Sur ces deux problèmes qui paraissent insurmontables, les solutions sont simples, connues et efficaces. Première solution, les « sans opinions » muets délèguent à certains d'entre eux le soin, premièrement de se faire une opinion auprès des compétents, et, deuxièmement, de rendre compte de ce qu'ils ont compris de leurs conclusions à leurs délégants. En termes classiques, les citoyens choisissent des hommes politiques pour les éclairer. Une fois que ces hommes politiques auront estimé qu'ils ont eux-mêmes été éclairés, la solution sera connue.

Pour ce qui est du choix des compétents, trois grandes étapes doivent être poursuivies successivement. D'abord, qu'est-ce qu'un compétent ? C'est un acteur ou une personne qui peut participer utilement aux discussions entre spécialistes. Ce qui implique que personne n'est plus compétent que ceux qui peuvent participer aux discussions entre spécialistes. Et donc les incompétents sont disqualifiés.

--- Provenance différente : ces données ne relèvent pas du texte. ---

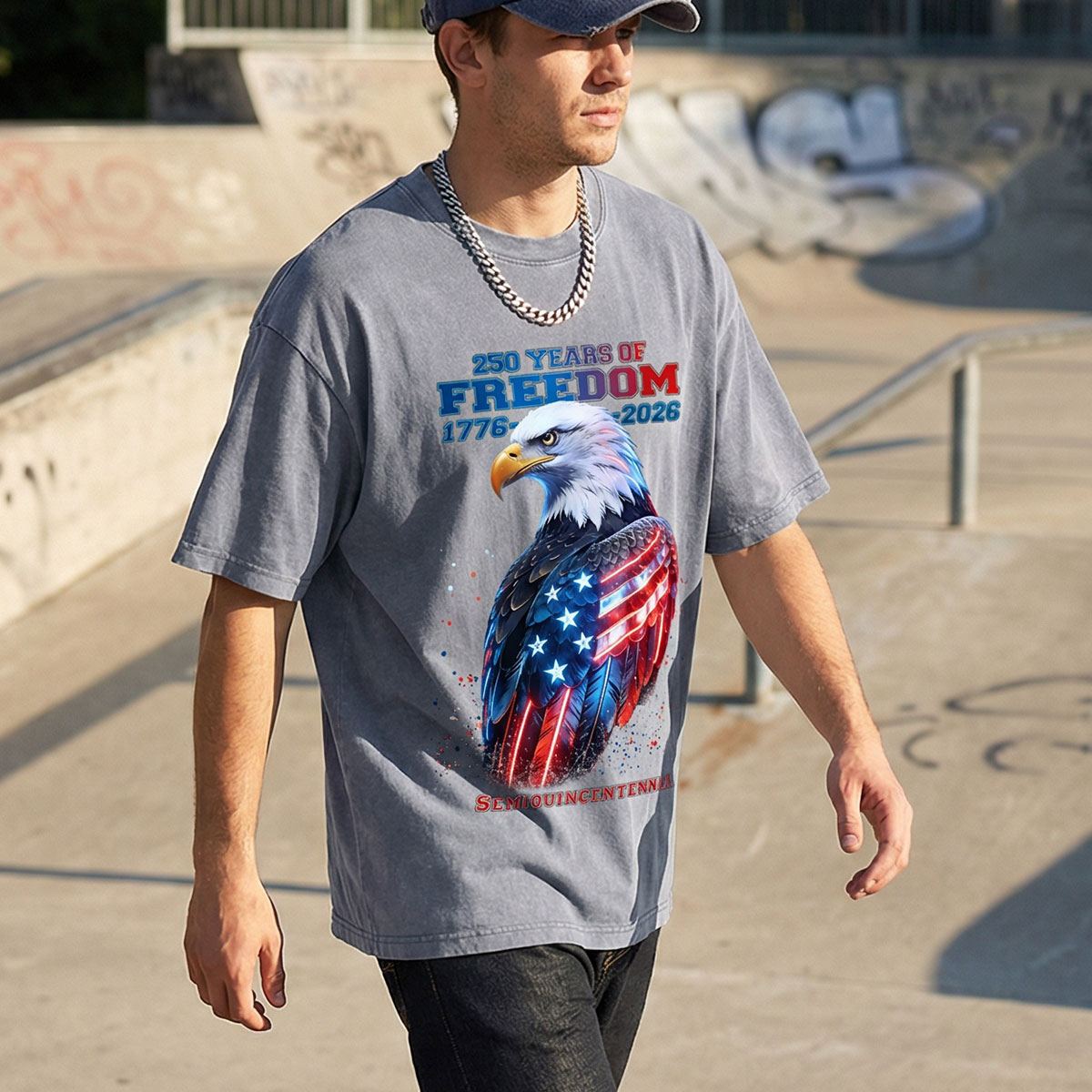 A Man Wearing Blue 250 Year American T Shirt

Cela ne veut pas dire que tous ceux qui participent aux discussions de manière efficace savent tout, et qu'ils ne peuvent pas se tromper. La conséquence est que les opinions que doivent se faire les hommes politiques de l'état des questions doivent inclure une marge d'incertitude proportionnelle à l'avancement du savoir. C'est à eux d'estimer quel est le degré d'avancement du savoir et des incertitudes. Deuxième étape, comment désigner ceux qui sont capables de participer efficacement aux discussions ? Seuls les spécialistes peuvent désigner les compétents. C'est-à-dire que la seule solution technique est un mécanisme de cooptation par des pairs, un mécanisme qui est respecté depuis des millénaires par les académies, les laboratoires, les sociétés savantes, les universités, qui toutes fonctionnent selon le principe de la cooptation des pairs par des pairs. C'est à eux, troisième étape, que les responsables politiques doivent s'adresser en respectant deux conditions impératives : il faut imposer à ces pairs des règles strictes d'indépendance, d'objectivité, d'exclusion de tout conflit d'intérêt.

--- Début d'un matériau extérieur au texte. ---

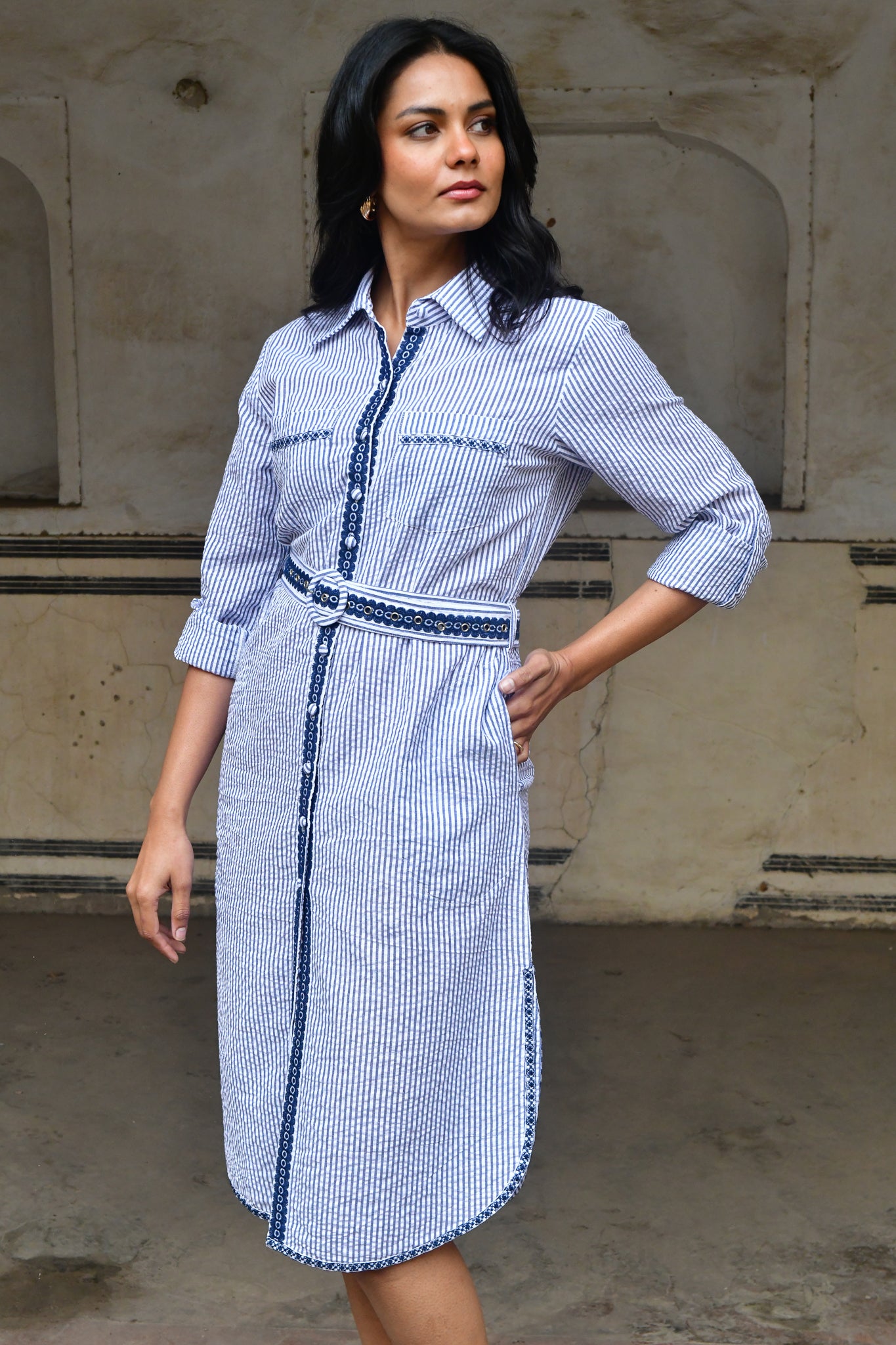 Azure & Indigo  Capri Shirt Dress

Je signale qu'un certain nombre d'académies en France ont créé récemment un observatoire inter académique de l'expertise, et que cet observatoire a déjà réussi à faire adopter par plusieurs académies en France une charte de l'expertise extrêmement précise et contraignante sur ces questions. Deuxième précaution à prendre par les responsables politiques : n'accorder à aucun groupe le monopole de l'expertise de manière à toujours laisser la discussion ouverte, la controverse, la critique, s'exprimer pour faire avancer les choses.

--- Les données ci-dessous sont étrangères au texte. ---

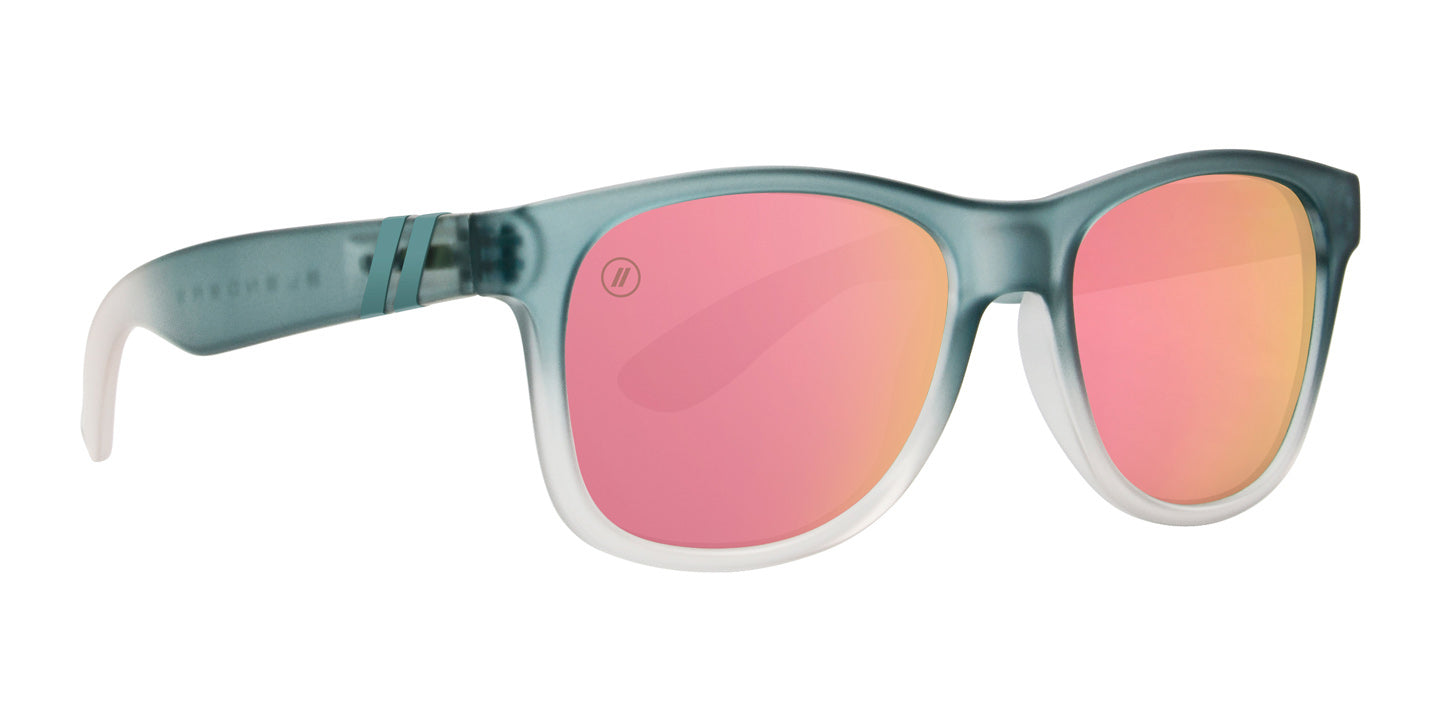 Seaside Charmer Polarized Sunglasses - Round Matte Blue-Green to Clear Fade Lens & Pink Mirror Lens Sunglasses | $48 US | Blenders Eyewear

Il reste un dernier point à résoudre : que faire des « opinionés », si le mot existe, incompétents ? C'est-à-dire des lanceurs d'alerte. Mais bien entendu les lanceurs d'alerte peuvent être compétents par ailleurs. Et dans ce cas la question ne se pose pas. Mais la plupart du temps, ils sont incompétents. Alors bien entendu, je le répète pour la troisième fois, la liberté d'opinion et d'expression doit toujours être respectée parce qu'elle est tout simplement contenue dans le concept même de citoyen. Et donc vouloir la contrôler, la limiter, c'est changer de régime politique, et l'on n'a plus affaire à des citoyens. Je pense qu'il n'en est pas question. La liberté d'opinion et d'expression ne doit pas être confondue avec la licence d'imposer son opinion par tous les moyens, et par conséquent la loi doit sanctionner les violences, ce qu'elle fait mollement d'ailleurs, mais elle doit également je pense prévoir des recours contre des insinuations calomnieuses dont sont couramment victimes les experts. Ils sont vendus, pourris etc. Il devrait y avoir me semble-t-il une instance qui se mobilise spontanément pour traduire en justice les cas les plus flagrants de calomnie. Bien entendu ceux qui en sont victimes peuvent prendre les devants et intenter un procès mais c'est extraordinairement lourd, coûteux, et personne ne le fait. Je pense qu'il devrait y avoir un organe public au ministère de la justice ou ailleurs qui en prenne la responsabilité. Donc cela ne pose guère de problème.

Il y a un problème à peu près insoluble, en tout cas non résolu pour le moment, qui est introduit par les nouveaux moyens de communication, donc par internet pour simplifier. Ces nouveaux moyens accordent une prime exorbitante aux opinions les plus extrêmes, qui ont toute chance d'être en même temps les plus incompétentes. On explique facilement pourquoi il en est ainsi. Or ces opinions les plus extrêmes peuvent faire incliner ceux qui n'ont pas d'opinion vers ceux qui ont des opinions incompétentes. Et par conséquent faire verser l'opinion publique dans un sens qui risque de ne pas être celui de l'intérêt commun. Les hommes politiques ne peuvent ignorer les sentiments qui agitent les citoyens. Alors que faire ? Là aussi les réponses sont claires et distinctes, et c'est un peu la solution qui est en train de s'esquisser en France en tout cas. Les hommes politiques et eux seuls, en tant que délégués des citoyens, peuvent prendre la responsabilité de filtrer ce qui mérite ou ne mérite pas débat. Comment peuvent-ils le faire ? D'abord ils peuvent ignorer les dérangés, les fadas, les incompétents notoires. Mais surtout ils doivent prendre l'avis d'experts. Parce qu'un homme politique n'est pas un expert. Il peut l'être par ailleurs, à titre privé si j'ose dire, mais il n'a pas à l'être. Il doit avoir des idées claires et distinctes sur l'intérêt commun et sur la manière de le réaliser. Il n'a pas à être spécialiste des questions débattues. Ce qui a été retenu par ce filtre doit être soumis à l'examen d'autres experts. Il faut qu'il y ait deux corps d'experts. L'un qui fasse le tri entre ce qui mérite d'être soumis à des experts, et ceux qui ensuite traiteront la question. En conséquence, il ne faut jamais mettre sur le même plan, dans une même enceinte, les experts et les incompétents, les experts et les lanceurs d'alerte.

Les lanceurs d'alerte, je le répète, ont une fonction indispensable en démocratie mais il ne faut pas confondre les différents acteurs, car cela entraîne la confusion et si la confusion règne, l'intérêt commun est oublié et les décisions deviennent très difficiles à prendre et même sont impossibles à prendre, et le bon sens est bafoué. Si l'on respecte très strictement ces règles du jeu, il est vain d'espérer le ralliement des excités à la raison et au bon sens. Les excités le sont et le resteront. Il faut trouver le moyen de les disqualifier. C'est un problème politique qui n'incombe pas aux experts ni aux spécialistes. Il faut trouver le moyen de les déconsidérer d'une manière ou d'une autre de façon à les réduire à peu près à l'impuissance.